Was hat der Herbst, was der Lenz nicht hat?

Zurzeit befinden wir uns in einem saisonalen Niemandsland oder, besser gesagt, einem jahreszeitlich doppelt besetzten Zeitraum. Das klingt ungewöhnlich, fast schon ein bisschen beunruhigend. Keine Angst, es hat nichts mit Klimawandel oder ähnlich Besorgniserregendem zu tun! Solche Perioden kommen jedes Jahr viermal vor. Das liegt schlicht und einfach am Unterschied zwischen den meteorologischen Jahreszeiten und den astronomischen Jahreszeiten. Die meteorologischen Jahreszeiten beginnen immer am ersten des Monats. Das scheint unter anderem die statistische Rechnerei zu vereinfachen. Die astronomischen Jahreszeiten hingegen richten sich nach den Sonnenhöchst- und -tiefstständen. Meteorologisch gesehen befinden wir uns deshalb schon seit dem 1. September im Herbst, während astronomisch gesehen der Sommer erst am 23. September endet. Solche „Doppelbesetzungen“ gibt es auch zwischen dem 1. und dem 21. Dezember, dem 1. und dem 21. März sowie dem 1. und dem 21. Juni.

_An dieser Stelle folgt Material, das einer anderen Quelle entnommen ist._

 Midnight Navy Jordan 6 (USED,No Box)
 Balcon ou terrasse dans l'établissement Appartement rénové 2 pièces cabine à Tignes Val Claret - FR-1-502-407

Dies zeigt wieder einmal, das selbst Begriffe, die eigentlich ganz eindeutig sind, doch nicht immer ganz so eindeutig definiert sind. Und trotzdem gibt es selten Verständigungsschwierigkeiten, wenn es um Frühling, Sommer, Herbst und Winter geht.

Das Wort Herbst geht weit zurück. Es hat über ein paar Ecken auch mit dem lateinischen Wort für pflücken carpere und mit griechischen Wort für Frucht κα?πος zu tun und bedeutete ursprünglich Zeit der Ernte. Diese Bedeutung findet sich noch im englischen Wort für Ernte: harvest. Sein „Gegenspieler“, Lenz, ist ein ebenso altes Wort. Es ist mit lang verwandt und bezeichnete ursprünglich so etwas wie das Längerwerden der Tage.

Wofür ich keine Erklärung finden konnte, ist Folgendes: Herbst gehört auch heute noch zum allgemeinen Wortschatz. Lenz hingegen erscheint nur noch in Ausdrücken wie „zwanzig Lenze zählen“ (zwanzig Jahre alt sein) und „sich einen faulen Lenz machen“ (sehr wenig arbeiten) oder in wahren Perlen von Schlagertexten wie  „Veronika, der Lenz ist da. Die Mädchen singen tralala …“ Weshalb sagen wir heute Frühling oder Frühjahr statt Lenz, aber nur selten Spätjahr und nie Spätling anstelle von Herbst? Was hat der Herbst, was der Lenz nicht hat? Die Antwort auf diese Frage muss ich Ihnen und mir leider schuldig bleiben.